The committee received over 46,000 pro-marriage equality submissions, making up nearly 60 percent of all submissions received.

The six member committee voted four to two in support of recommending changes to the Marriage Act to accommodate same-sex marriages. Liberal senators Sue Boyce  and Simon Birmingham were among those that backed the changes.

“We hope that in time the Liberal Party will also allow a conscience or free vote on the subject of same-sex marriage for its members and senators,” the pair wrote in the report.

Labor senator Trish Crossin tabled the Senate Legal and Constitutional Affairs Legislation Committee’s inquiry report yesterday which looked at Australian Greens Senator Sarah Hanson-Young’s private members bill on the issue.

“This will be a defining day in the social fabric and the history of the nation when it comes to equality for same sex couples,” Crossin told the Senate.

Australian Marriage Equality national convenor Alex Greenwich said this was the first time that a federal parliamentary committee had given its unequivocal endorsement for marriage equality.

“This is a watershed moment in the marriage equality debate because Coalition, Labor and Greens members of the Senate Legal and Constitutional Affairs Committee have joined forces to help progress a reform a majority of Australians want,” Greenwich said.

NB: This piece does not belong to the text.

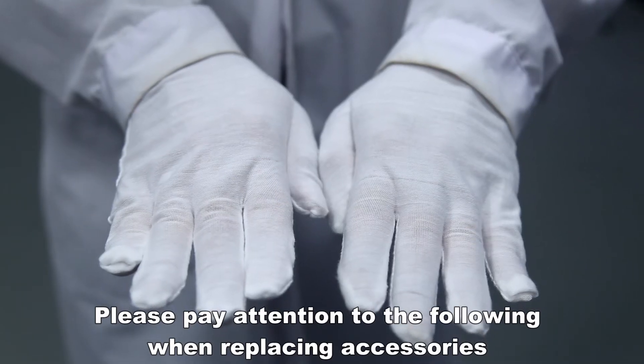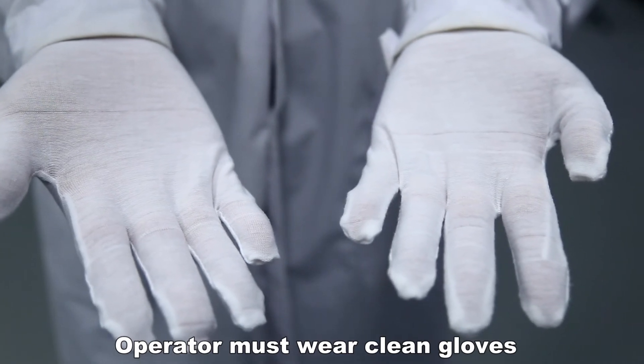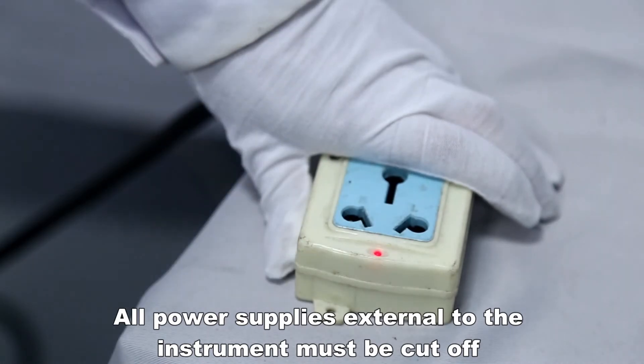Please pay attention to the following when replacing accessories: the operator must wear clean gloves, and all power supplies external to the instrument must be cut off.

“This report has given voice to the very powerful conservative case for same-sex marriage, and has also called on Mr Abbott to allow members of the Coalition the opportunity to vote for reform and express their support for marriage equality as conservatives.”

The recommendation follows the House of Representatives inquiry into the two marriage equality bills introduced by Greens MP Adam Bandt and Labor MP Stephen Jones. It did not give a recommendation of which way MPs should vote.